The records that follow are to be given again exactly, with their pictures omitted.
**** Study material
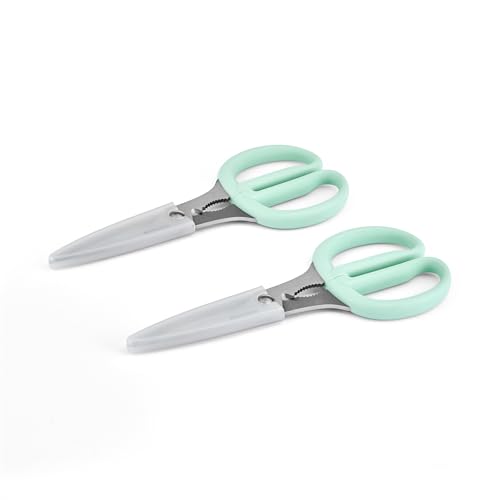 Image of KitchenAid Classic 2-Piece Multipurpose Kitchen Shear Set with Blade Sheath - Spearmint, Herb Stripper, Poultry Shears, Pizza Cutter, Nutcracker
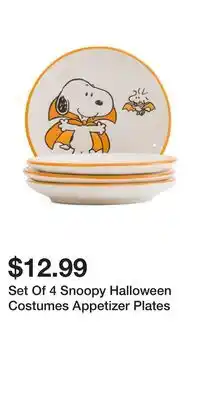 TJ Maxx Set Of 4 Snoopy Halloween Costumes Appetizer Plates offer
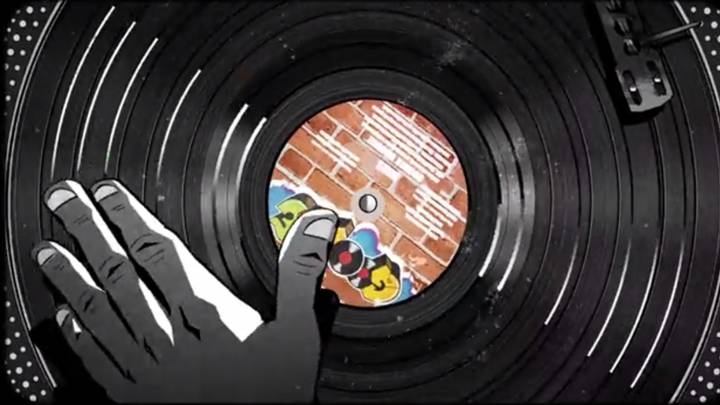 Imagen del doodle animado de Google que celebra el nacimiento del hip hop.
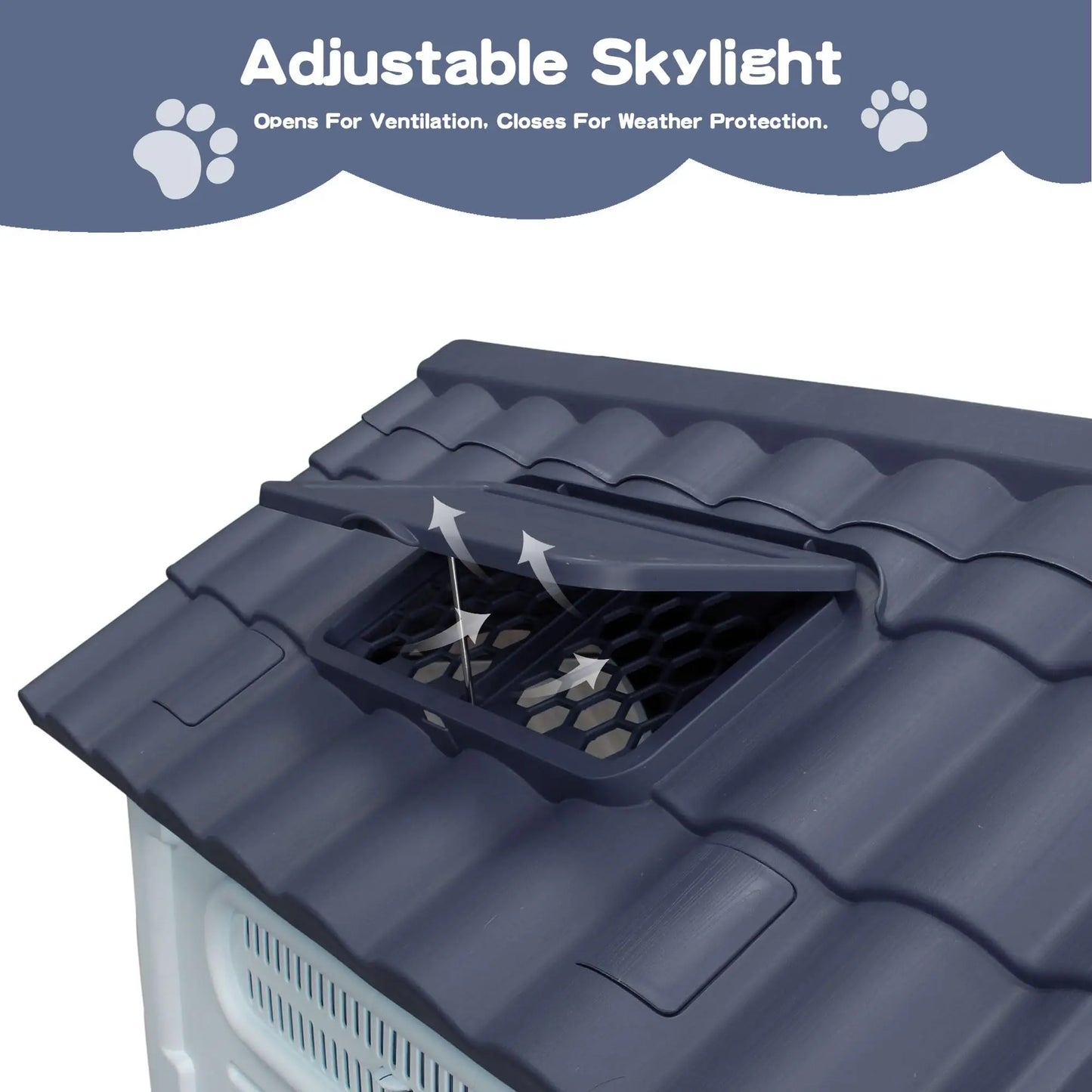 DishyKooker Waterproof Outdoor Dog House With Ventilation Openable Roof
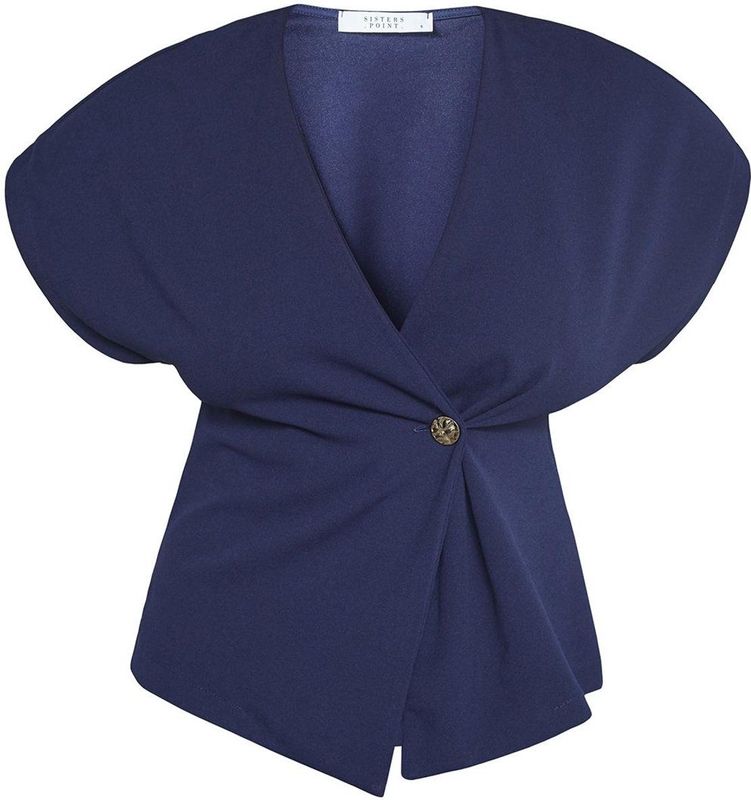 SISTERS POINT - GEVELA - Blouse - Navy - Slanke Pasvorm - Kwartmouw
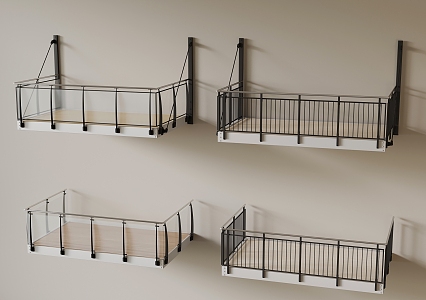 wrought iron railing glass railing 3d model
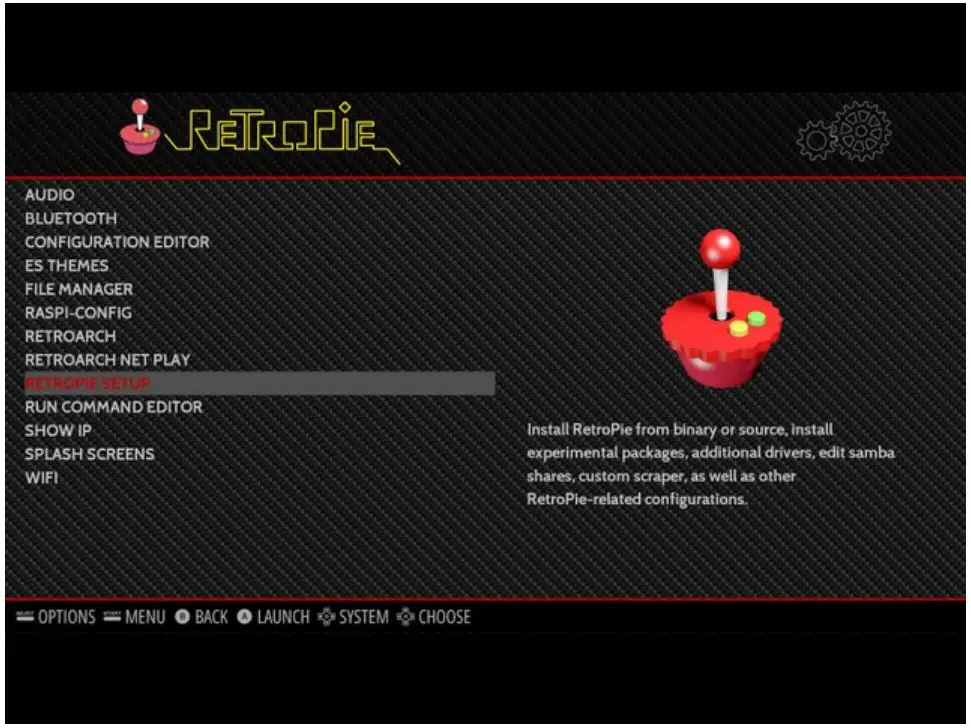 skg retrogaming SKG Retrobox Instruction Manual - Retropie Configuration Screen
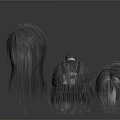 Women's Grey Wigs Featuring Different Hairstyles Including Long Straight Bun and Short Middle Part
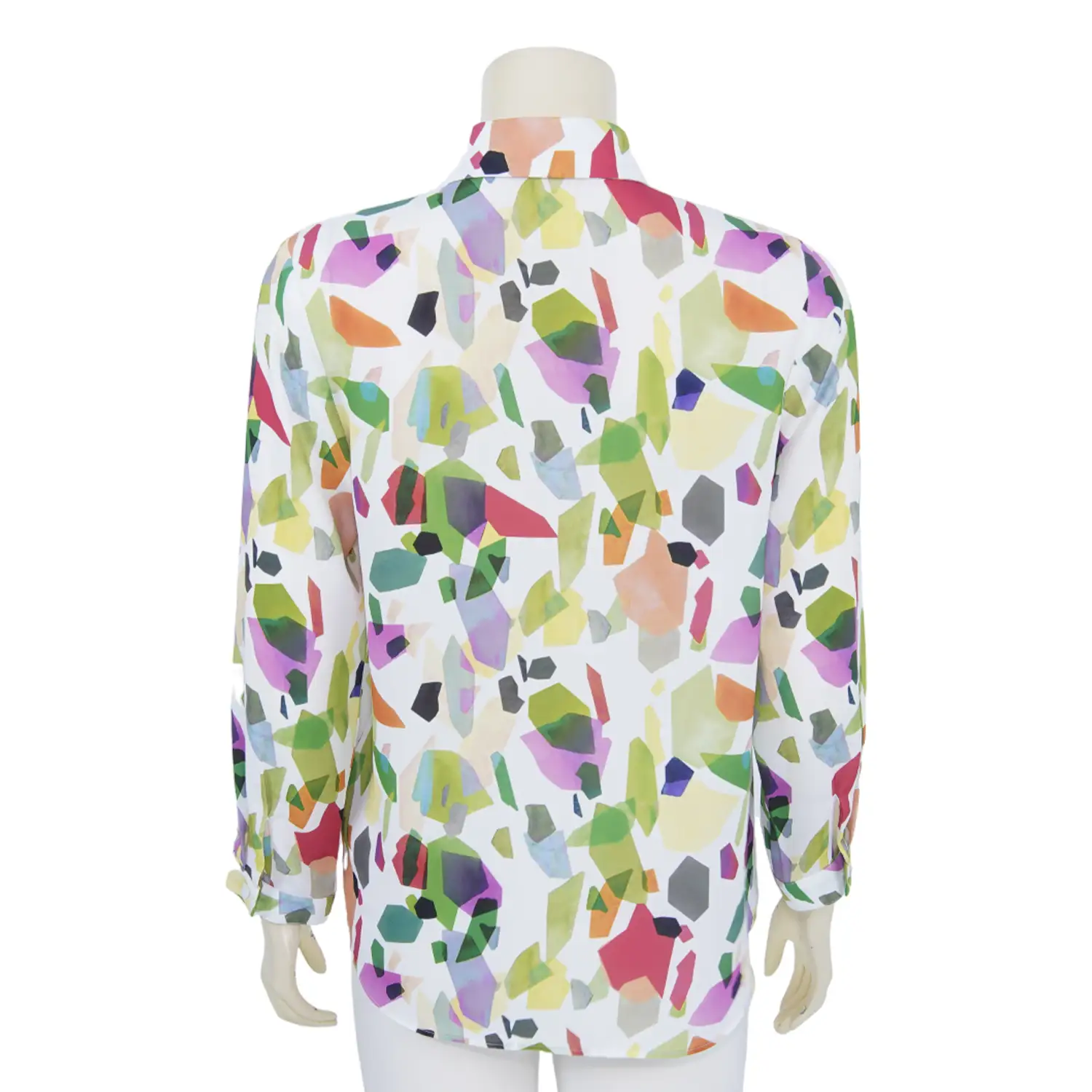เสื้อเชิ้ตสตรี แขน 4 ส่วน ผ้าลายกราฟิกหลากสี - Image 3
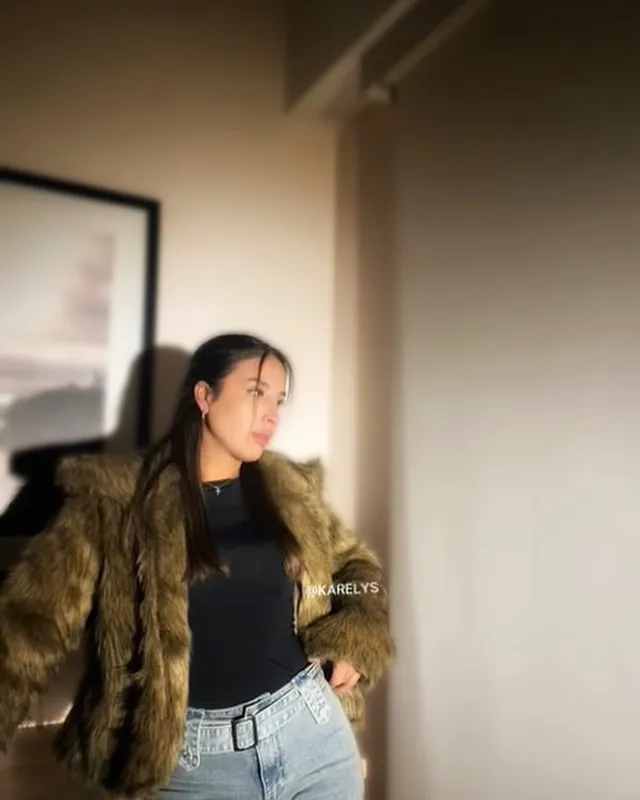 Abrigo pelo sintético beige marrón — miniatura 2
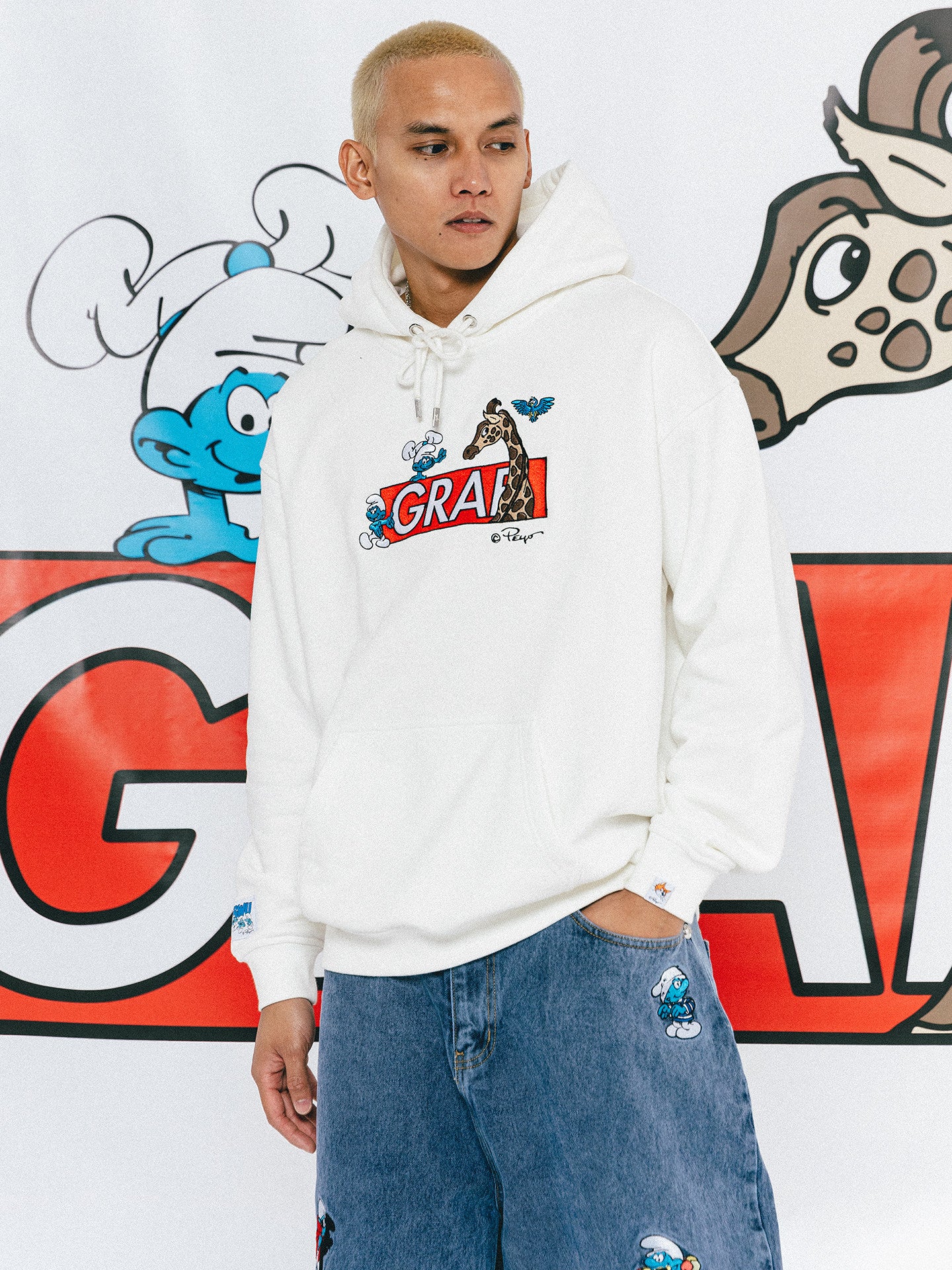 GRAF X SMURF Giraffe Smurf Embroidered Cartoon Fleece Hoodie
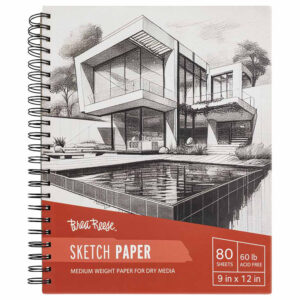 Brea Reese Spiral-Bound Sketch Pad, 80 Sheets 9x12 Inch, 60 lb Acid-Free Paper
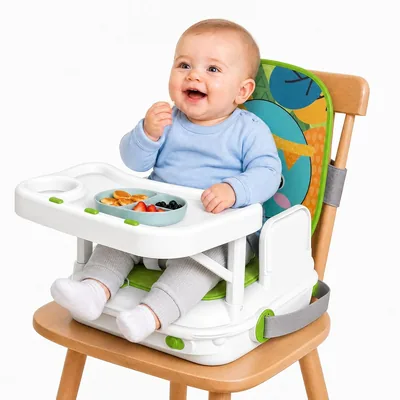 Silla para Bebés 3 en 1 Portátil, Asiento de Bolso con Bandeja Desmontable, Cojín y Música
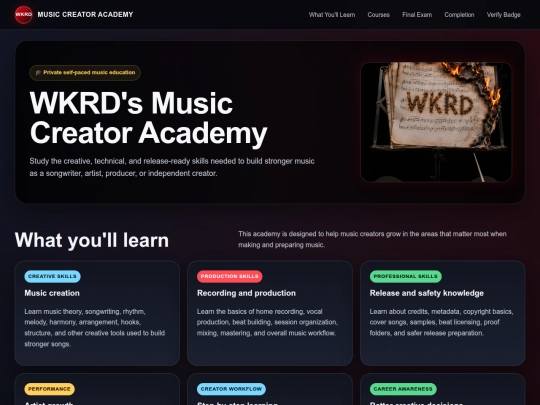 wkrds_music_creator_academy_index screenshot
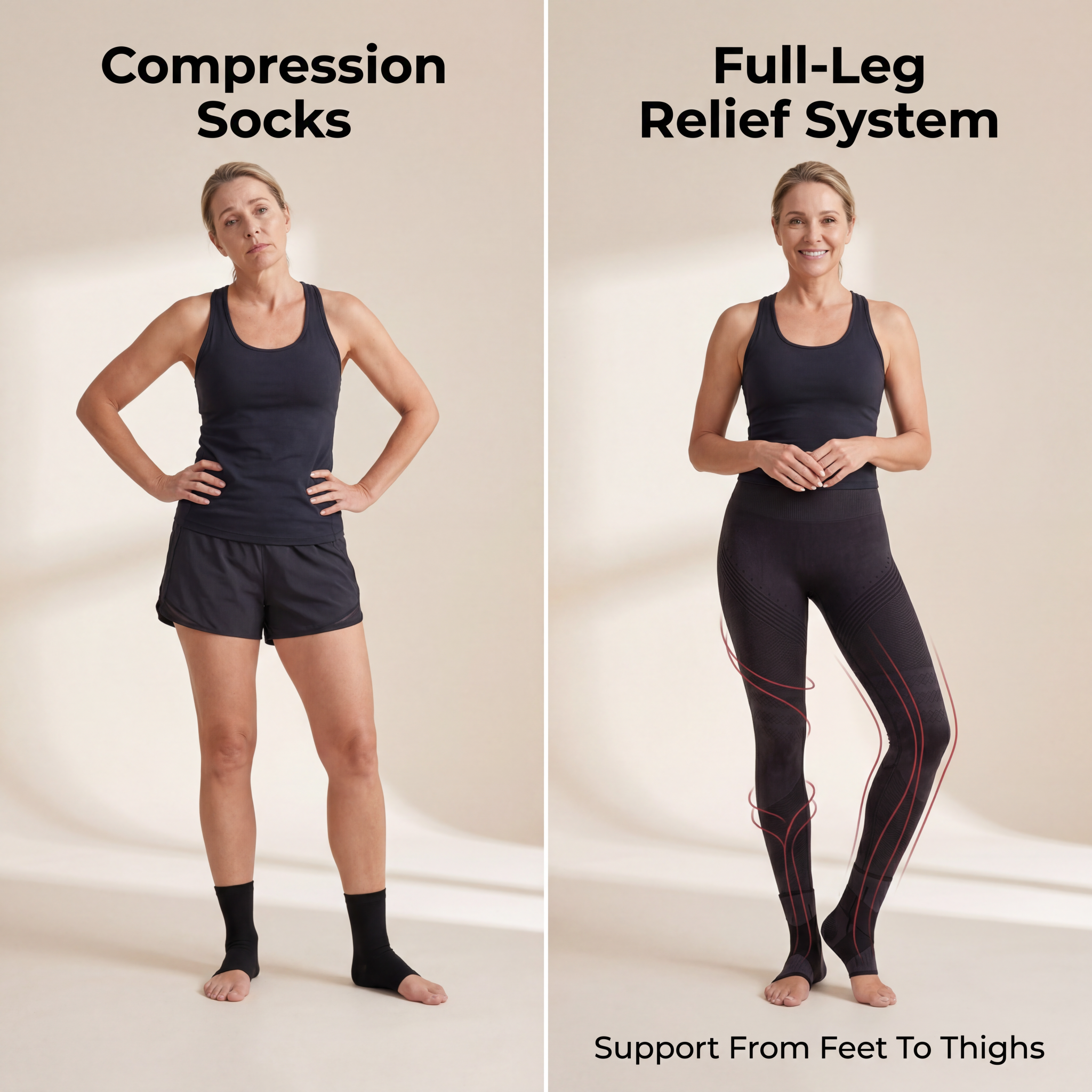 Doletics Facebook ad: Support Should Not Stop At The Calves.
********
## [Response area]
 Image of KitchenAid Classic 2-Piece Multipurpose Kitchen Shear Set with Blade Sheath - Spearmint, Herb Stripper, Poultry Shears, Pizza Cutter, Nutcracker
 TJ Maxx Set Of 4 Snoopy Halloween Costumes Appetizer Plates offer
 Imagen del doodle animado de Google que celebra el nacimiento del hip hop.
 DishyKooker Waterproof Outdoor Dog House With Ventilation Openable Roof
 SISTERS POINT - GEVELA - Blouse - Navy - Slanke Pasvorm - Kwartmouw
 wrought iron railing glass railing 3d model
 skg retrogaming SKG Retrobox Instruction Manual - Retropie Configuration Screen
 Women's Grey Wigs Featuring Different Hairstyles Including Long Straight Bun and Short Middle Part
เสื้อเชิ้ตสตรี แขน 4 ส่วน ผ้าลายกราฟิกหลากสี - Image 3
 Abrigo pelo sintético beige marrón — miniatura 2
 GRAF X SMURF Giraffe Smurf Embroidered Cartoon Fleece Hoodie
 Brea Reese Spiral-Bound Sketch Pad, 80 Sheets 9x12 Inch, 60 lb Acid-Free Paper
 Silla para Bebés 3 en 1 Portátil, Asiento de Bolso con Bandeja Desmontable, Cojín y Música
 wkrds_music_creator_academy_index screenshot
 Doletics Facebook ad: Support Should Not Stop At The Calves.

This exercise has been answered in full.